Sends an HTTP/1.1 request and returns the response as events.
from_http url:string, [method=string, body=record|string|blob, encode=string, headers=record, error_field=field, paginate=string|lambda, paginate_delay=duration, connection_timeout=duration, max_retry_count=int, retry_delay=duration, tls=record] [{ … }]Description
Section titled “Description”The from_http operator issues an HTTP request and returns the response as
events.
The from_http operator streams the HTTP response body to a parser
sub-pipeline as bytes. As response chunks arrive from the server, Tenzir
forwards them to the parser pipeline without buffering the entire response body
in memory first. You can provide the sub-pipeline explicitly, or omit it when
Tenzir can infer the response format.
When you omit the parser sub-pipeline, Tenzir infers the parser for each response page in this order:
- Use a non-empty
Content-Typeresponse header. - Use the URL path extension.
- Emit an error that asks you to provide an explicit parser sub-pipeline.
If a response contains a non-empty unsupported Content-Type header, Tenzir
doesn’t fall back to the URL extension. Provide an explicit parser sub-pipeline
for ambiguous or custom formats.
Use the sub-pipeline to parse the response body. The operator automatically
handles HTTP Content-Encoding. If the downloaded file itself is compressed,
add the appropriate decompressor to the sub-pipeline. For example, use
decompress_gzip followed by read_json for a downloaded gzip-compressed JSON
file.
url: string
Section titled “url: string”URL to connect to. Both http:// and https:// schemes are supported. If the
scheme is omitted, https:// is assumed.
The URL is resolved as a secret, so you can pass a secret name to avoid hardcoding sensitive URLs.
method = string (optional)
Section titled “method = string (optional)”One of the following HTTP methods to use:
getheadpostputdelconnectoptionstrace
Defaults to get, or post when you set body.
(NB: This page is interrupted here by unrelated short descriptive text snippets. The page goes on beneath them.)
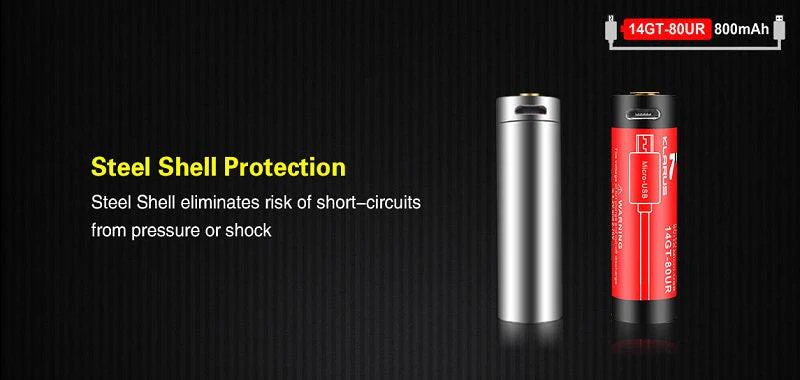 KLARUS 14GT-80UR 14500 800MAH 3.7V PROTECTED LITHIUM ION (LI-ION) HIGH-DRAIN 4A BUTTON TOP BATTERY WITH MICRO USB CHARGING PORT - Image 10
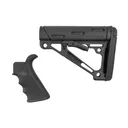 Hogue AR-15/M-16 Kit - Finger Groove Beavertail Grip & Over-Molded Collapsible Buttstock - Mil-Spec Buffer Tube Black - Hogue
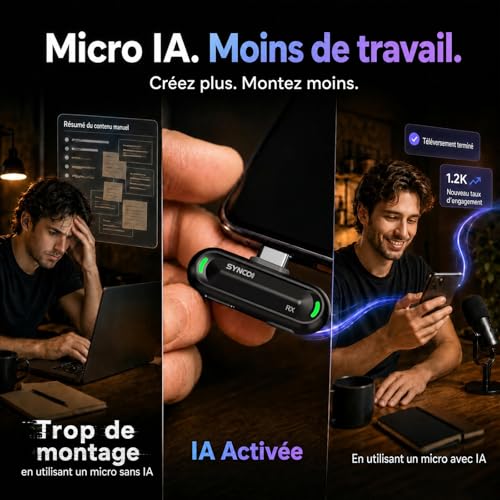 Detalle de SYNCO SMICT Micro Cravate Sans Fil IA pour Android — Deux micros, IA en temps réel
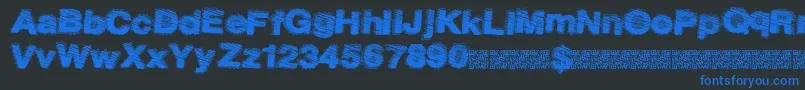 Dustysalmon Font – Blue Fonts on Black Background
headers = record (optional)
Section titled “headers = record (optional)”Record of headers to send with the request. Each value is resolved as a secret, so you can pass secret names to avoid hardcoding tokens or API keys directly in the pipeline.
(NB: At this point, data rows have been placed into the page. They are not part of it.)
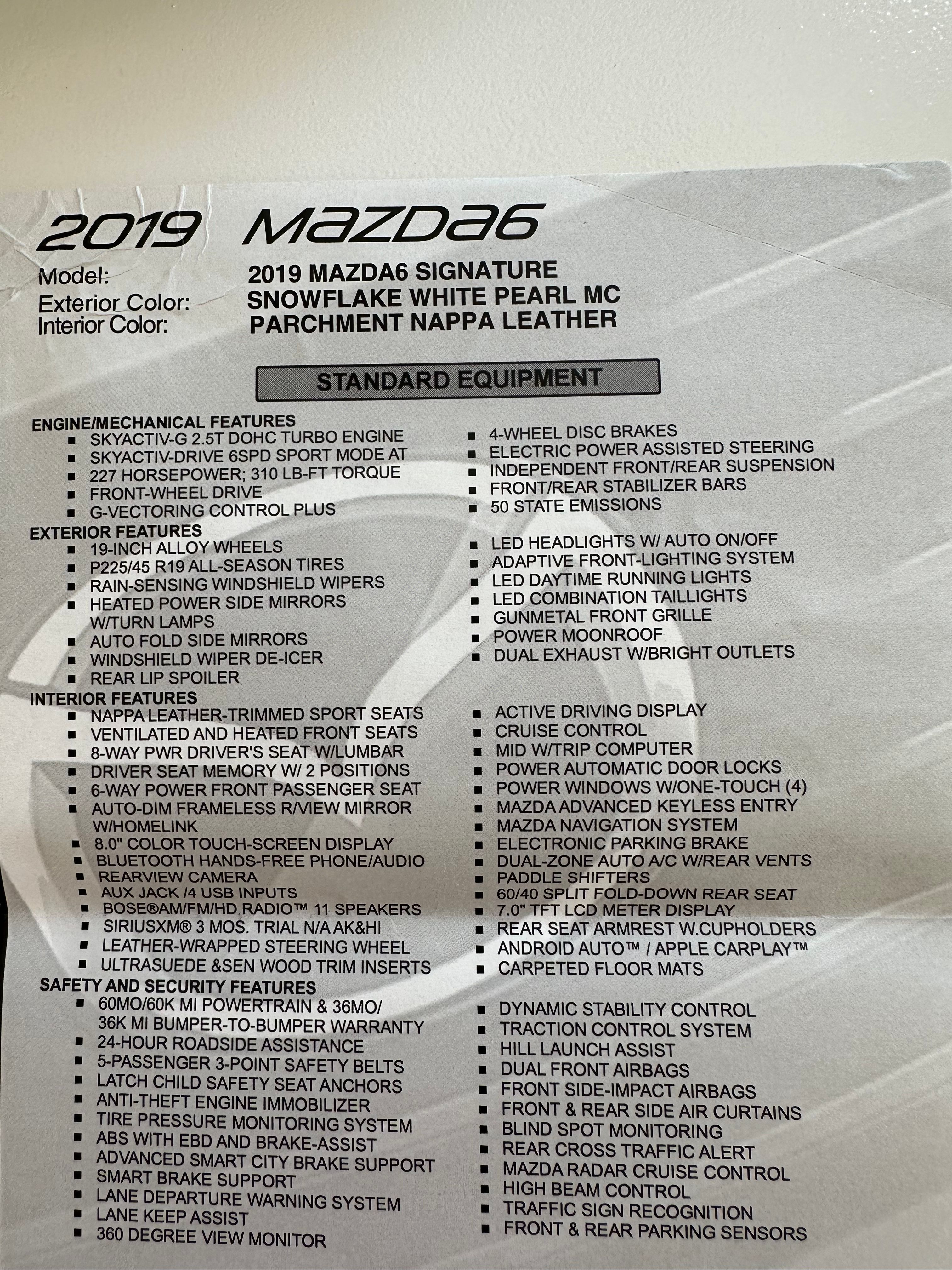 Used 2019 MAZDA MAZDA6 Signature FWD image 22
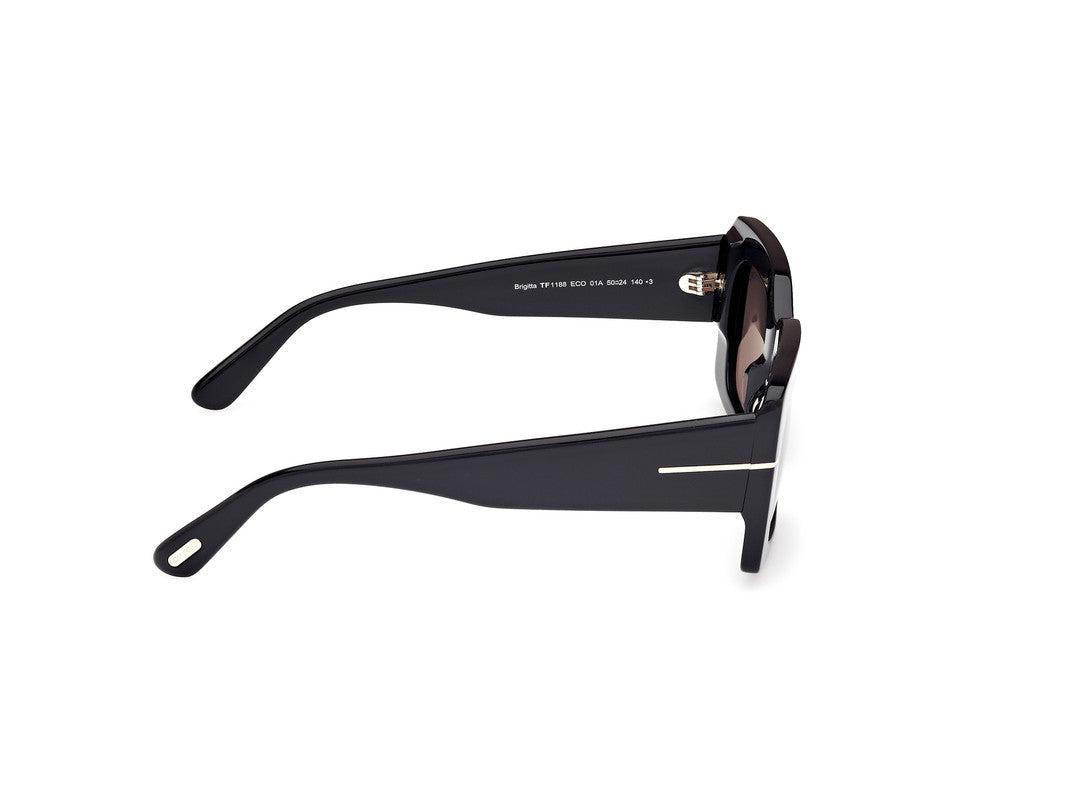 Shiny Black Female Sunglasses Tom Ford 889214549242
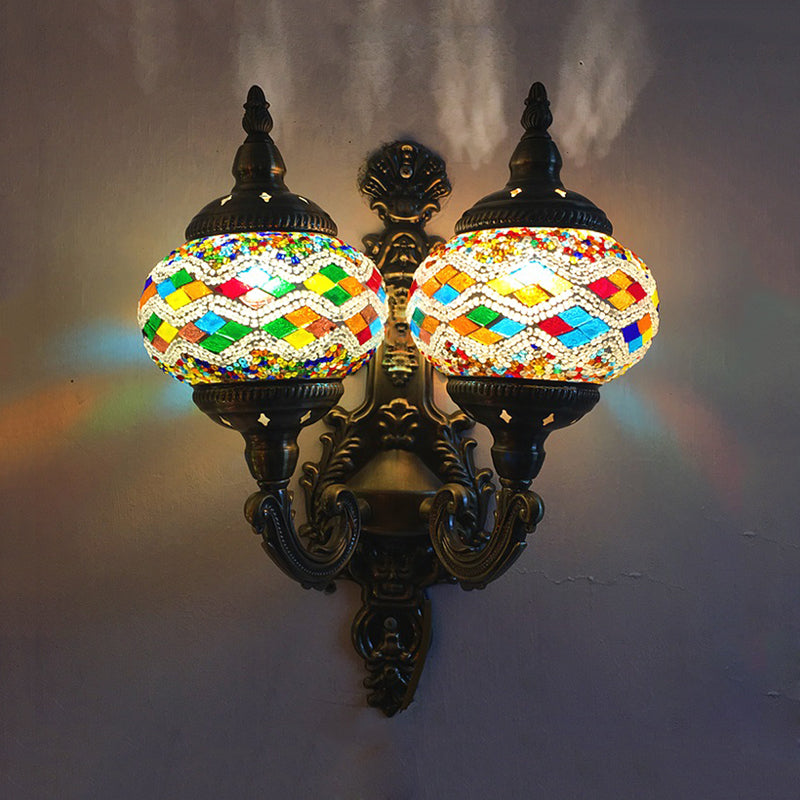 Stained Glass Ball Wall Sconce with Dual Head - Traditional Mount Light in White/Yellow/Sky Blue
timeout = duration (optional)
Section titled “timeout = duration (optional)”Timeout for the overall request.
Defaults to 90s.
connection_timeout = duration (optional)
Section titled “connection_timeout = duration (optional)”Timeout for establishing the connection.
Defaults to 5s.
max_retry_count = int (optional)
Section titled “max_retry_count = int (optional)”Maximum number of retry attempts per request.
A request is retried on transient transport failures and HTTP 429 and 5xx
responses.
Defaults to 5.
retry_delay = duration (optional)
Section titled “retry_delay = duration (optional)”Base duration between retry attempts.
Tenzir uses exponential backoff starting at retry_delay and capping at 16 * retry_delay. A Retry-After response header overrides this delay.
Defaults to 1s.
body = blob|record|string (optional)
Section titled “body = blob|record|string (optional)”Body to send with the HTTP request.
Tenzir resolves secrets in string bodies and in nested record values before it sends the request.
If the value is a record, the body is encoded according to the encode
option and Tenzir sets an appropriate Content-Type header.
encode = string (optional)
Section titled “encode = string (optional)”Specifies how to encode record bodies. Supported values:
jsonform
Defaults to json.
paginate = record -> string | record | null | string (optional)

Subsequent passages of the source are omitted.